È una visione luminosa e un po’ tranquillante, che predilige la categoria di gusto, qualità coltivabile e mutevole, a quella di stile, struttura normativa e teorica, lontana dai dibattiti attorno alla razionalizzazione dell’abitare che infiammavano la disciplina in quegli anni: accelerazione industriale e inurbamento sono ancora fenomeni circoscritti in un’Italia di fresco regime e ostentato ottimismo, e dunque, fatalmente, la via italiana all’abitare moderno prende una strada diversa da tutte le altre, ma non per questo meno moderna. Paradossalmente il nostro è un percorso più libero, un viaggio verso il futuro nel quale coesistono tradizione e sperimentazione, ironica leggerezza e senso del tempo, lusso e frugalità, cura artigianale e innovazione industriale; è una storia profondamente milanese che tuttavia riverbera nel resto del paese e nelle memorie infantili di molti di noi nati negli anni settanta del secolo scorso.

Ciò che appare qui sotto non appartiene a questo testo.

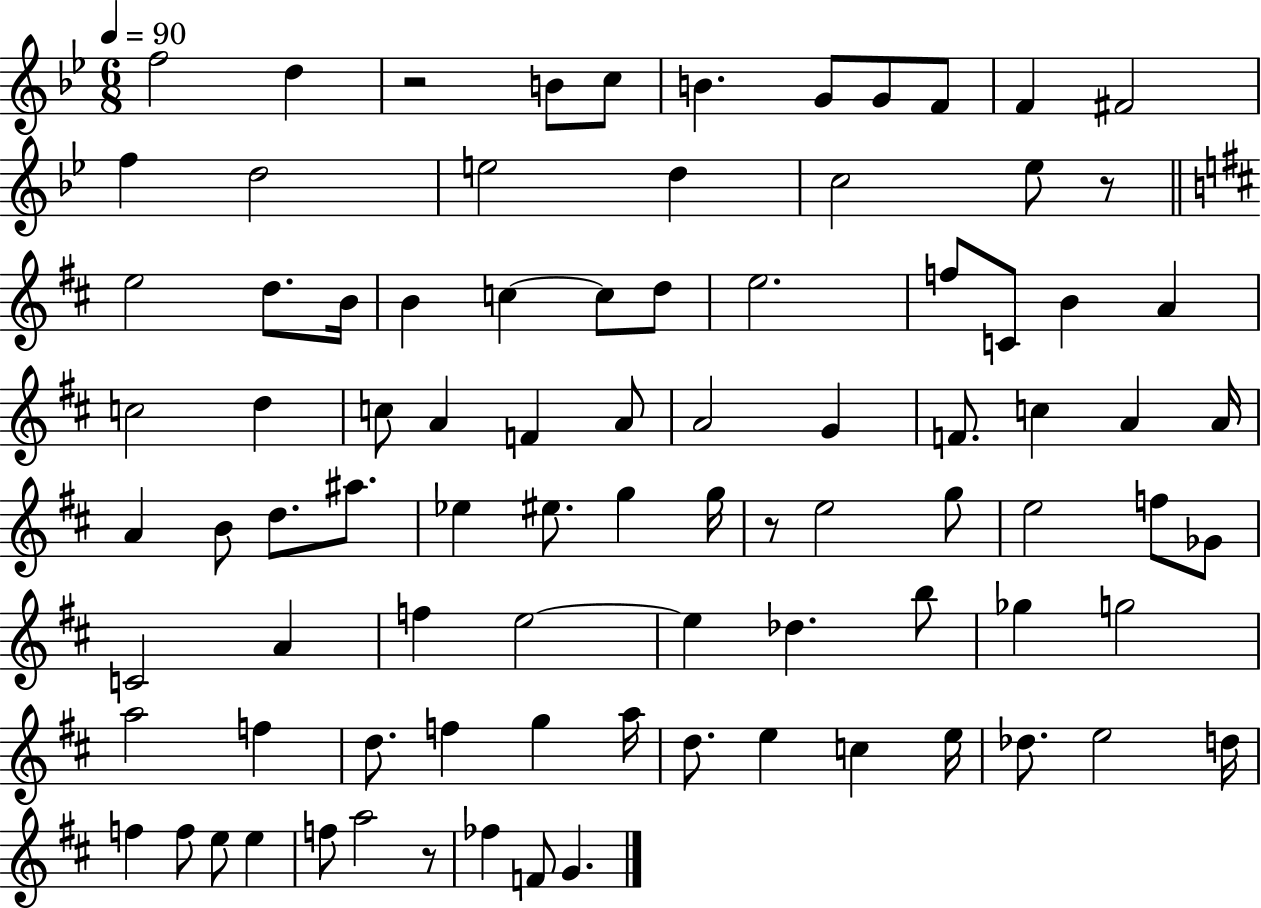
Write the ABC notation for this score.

X:1
T:Untitled
M:6/8
L:1/4
K:Bb
f2 d z2 B/2 c/2 B G/2 G/2 F/2 F ^F2 f d2 e2 d c2 _e/2 z/2 e2 d/2 B/4 B c c/2 d/2 e2 f/2 C/2 B A c2 d c/2 A F A/2 A2 G F/2 c A A/4 A B/2 d/2 ^a/2 _e ^e/2 g g/4 z/2 e2 g/2 e2 f/2 _G/2 C2 A f e2 e _d b/2 _g g2 a2 f d/2 f g a/4 d/2 e c e/4 _d/2 e2 d/4 f f/2 e/2 e f/2 a2 z/2 _f F/2 G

A villa Necchi Campiglio, punto di partenza, firmato da Piero Portaluppi, per gli interni milanesi del Novecento, la mostra Nelle Case. Interni a Milano 1928-1978 (fino al 16 marzo) permette di immergersi in questa storia e di, letteralmente, sfogliarla. Tutto nasce dal poderoso volume Nelle Case. Milan Interiors 1928-1978, di Enrico Morteo e Orsina Simona Pierini (Hoepli, 2023), frutto di una ricerca capillare negli archivi di «Domus», «Casabella» e «Abitare», che documenta oltre duecento interni milanesi sullo sfondo del dibattito architettonico e della storia della città. L’apparato fotografico è ricchissimo ma la chicca sono le planimetrie ricostruite dagli autori: negli anni trenta i bagni erano pochi e lontani anche nelle case dei ricchi; fino all’avvento della televisione gli spazi per appartarsi e studiare, anche minimi, sono di norma; negli anni cinquanta esplode il bisogno dell’office, una stanza di passaggio dove si fa la prima colazione; nel frattempo i tendaggi per separare gli ambienti invadono le case, trasformando anche 60 metri quadri in un palcoscenico domestico.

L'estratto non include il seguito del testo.